EXERCISE INSTRUCTIONS: Output all the entries word for word. Omit the pictures.

Dataset items

===

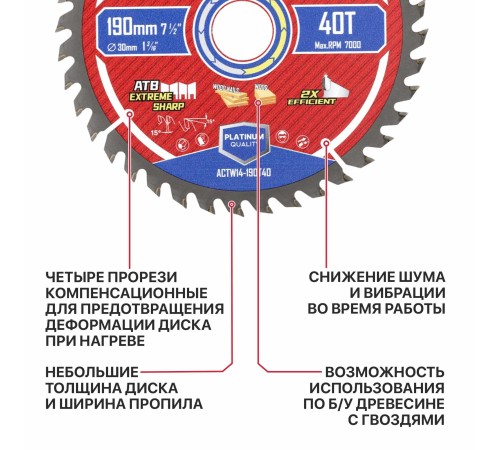 Диск пильный по дереву P.I.T. ACTW14-200T48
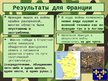 Presentations 'Столетняя война', 12.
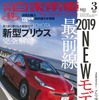 『月刊自家用車』3月号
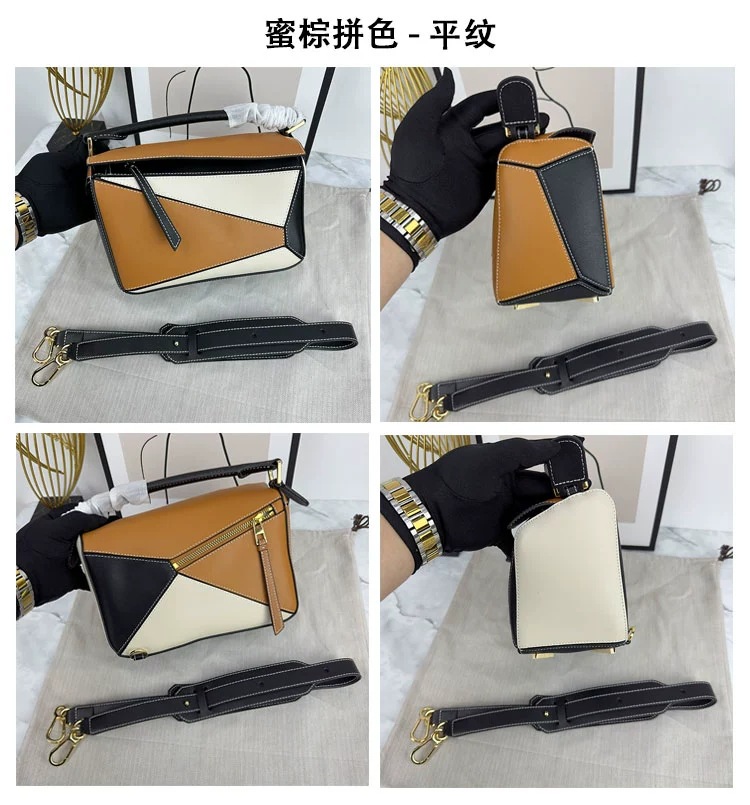 2024 nuevo paquete geométrico moda bolso cuadrado de cuero de vaca con patrón de litchi con un hombro inclinado y una capa de cabeza portátil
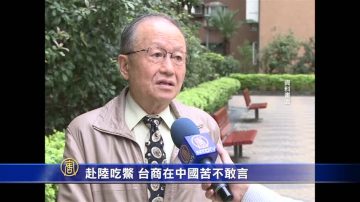 赴陆吃鳖 台商在中国苦不敢言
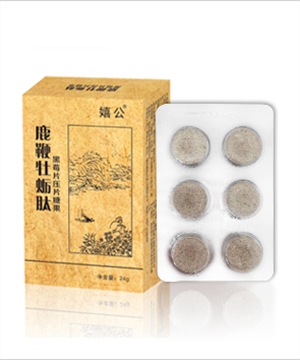 鹿鞭牡蠣肽黑莓片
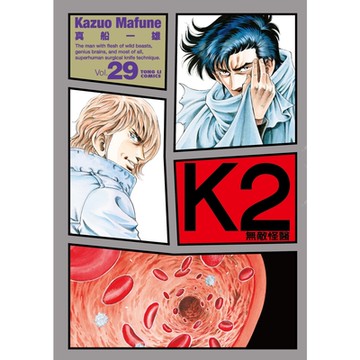 無敵怪醫K2 (29)_Readmoo 讀墨電子書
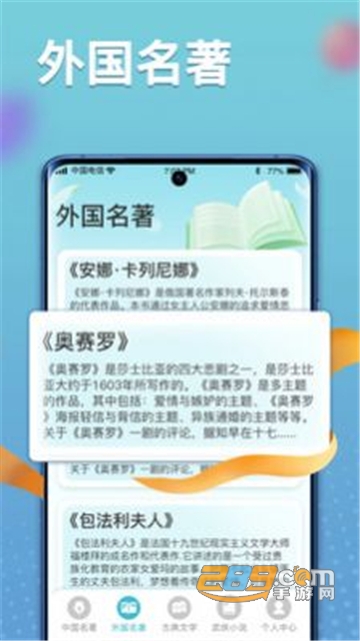 秀才黄金屋app下载2022安卓最新版v1.0.0安卓版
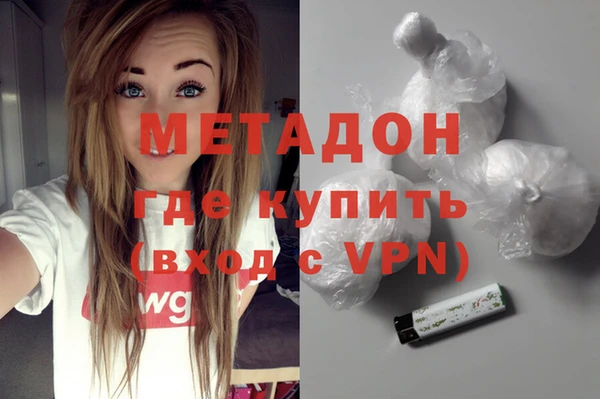 наркотики Мегион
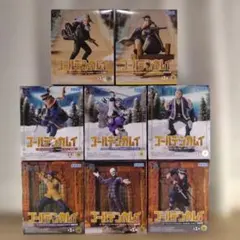 【ゴールデンカムイ】XrossLink フィギュア８点セット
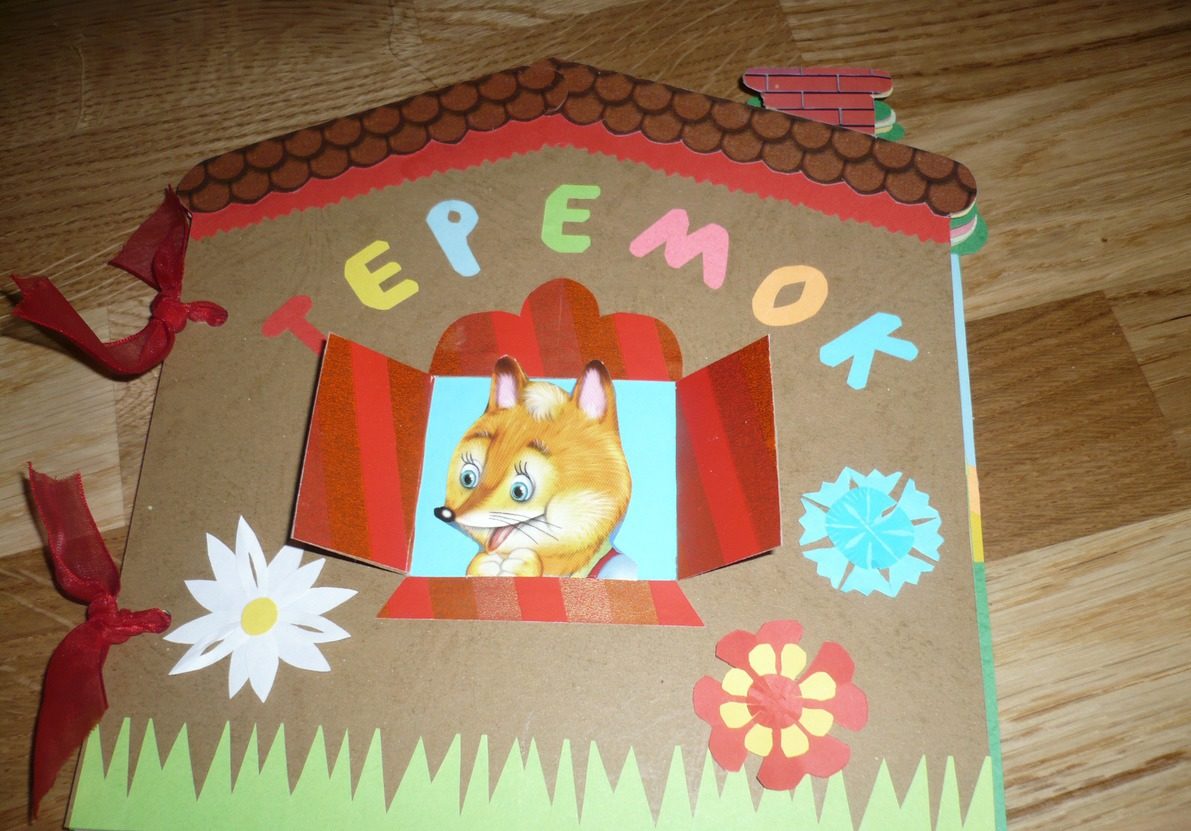 Як зробити книжку малятко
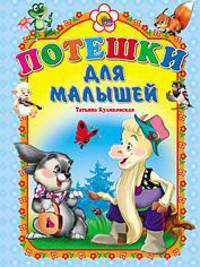 Потешки для малышей (козлик). Картонка.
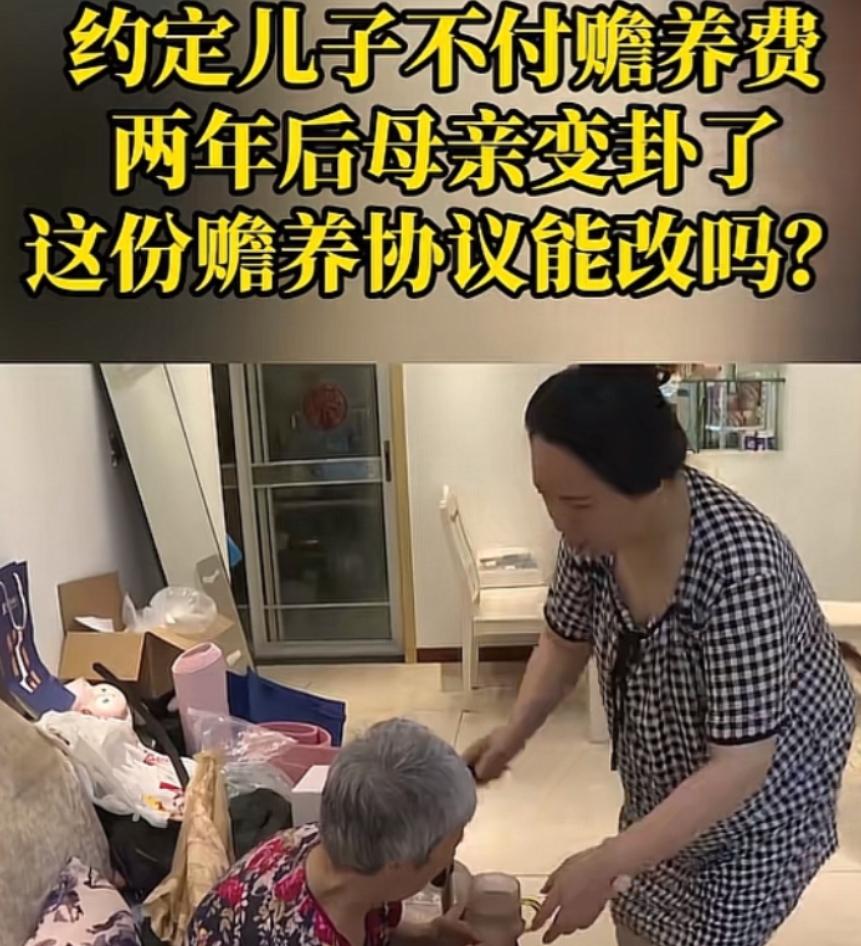 95000元存款换赡养权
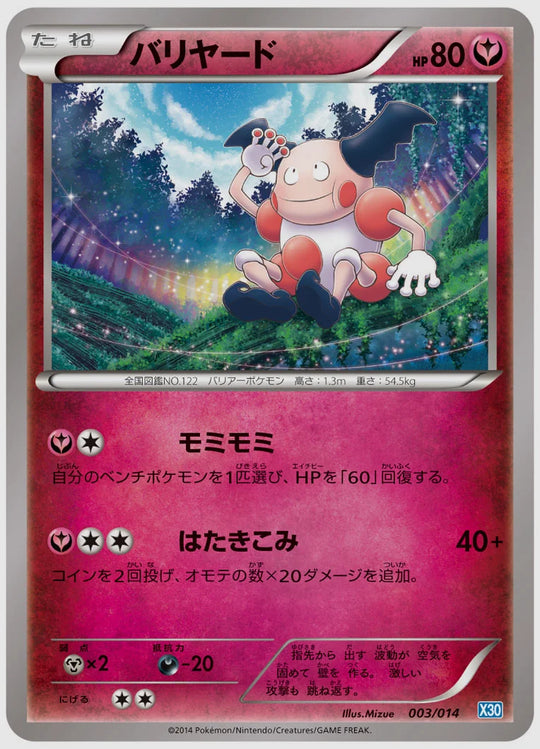 バリヤード《1ED》 [X30. 003/014]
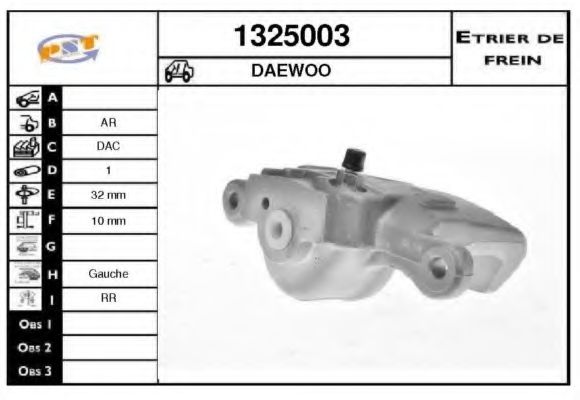 SNRA 1325003 Тормозной суппорт для CHEVROLET ASTRA (Шевроле Астра) SNRA 1325003 Тормозной суппорт для CHEVROLET ASTRA (Шевроле Астра)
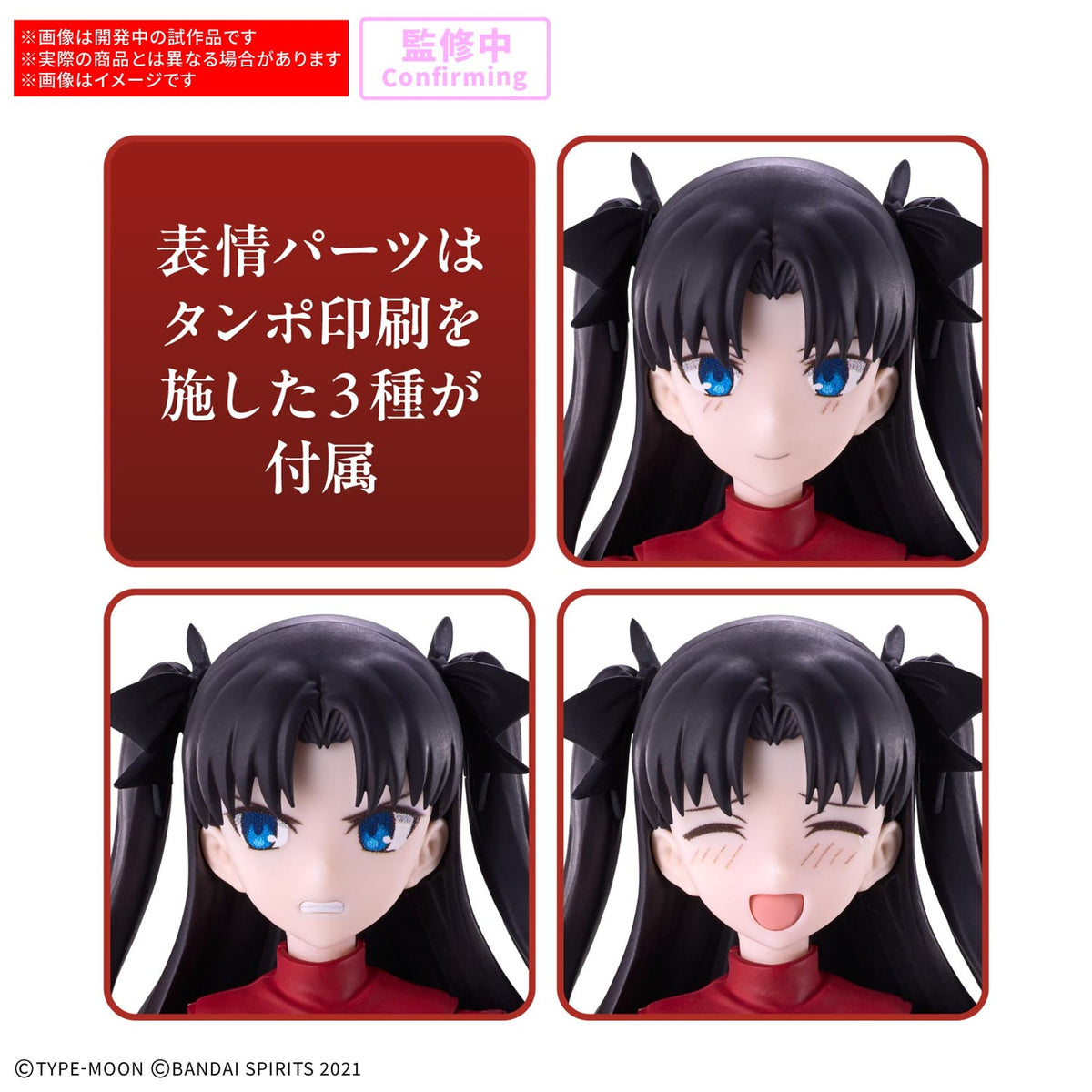 30MS 『Fate/stay night』 遠坂凛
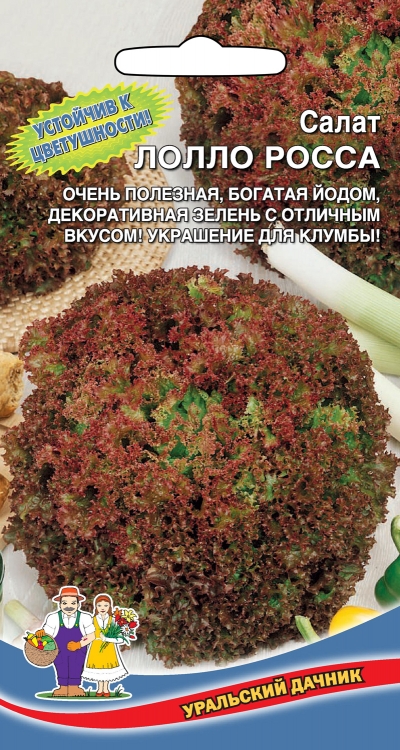 Салат_Лолло Росса (п/кочан)_0,3_г._Уральский Дачник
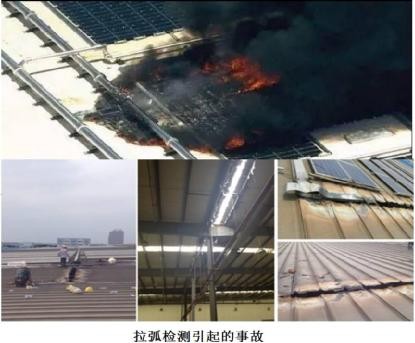 光伏逆變器故障直流拉弧.jpg 光伏逆變器故障直流拉弧.jpg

===

RESPONSE TO THE TASK:
 Диск пильный по дереву P.I.T. ACTW14-200T48
 Presentations 'Столетняя война', 12.
 『月刊自家用車』3月号
 2024 nuevo paquete geométrico moda bolso cuadrado de cuero de vaca con patrón de litchi con un hombro inclinado y una capa de cabeza portátil
 赴陆吃鳖 台商在中国苦不敢言
 鹿鞭牡蠣肽黑莓片
 無敵怪醫K2 (29)_Readmoo 讀墨電子書
 秀才黄金屋app下载2022安卓最新版v1.0.0安卓版
 наркотики Мегион
 【ゴールデンカムイ】XrossLink フィギュア８点セット
 Як зробити книжку малятко
 Потешки для малышей (козлик). Картонка.
 95000元存款换赡养权
 バリヤード《1ED》 [X30. 003/014]
 SNRA 1325003 Тормозной суппорт для CHEVROLET ASTRA (Шевроле Астра) SNRA 1325003 Тормозной суппорт для CHEVROLET ASTRA (Шевроле Астра)
 30MS 『Fate/stay night』 遠坂凛
 Салат_Лолло Росса (п/кочан)_0,3_г._Уральский Дачник
 光伏逆變器故障直流拉弧.jpg 光伏逆變器故障直流拉弧.jpg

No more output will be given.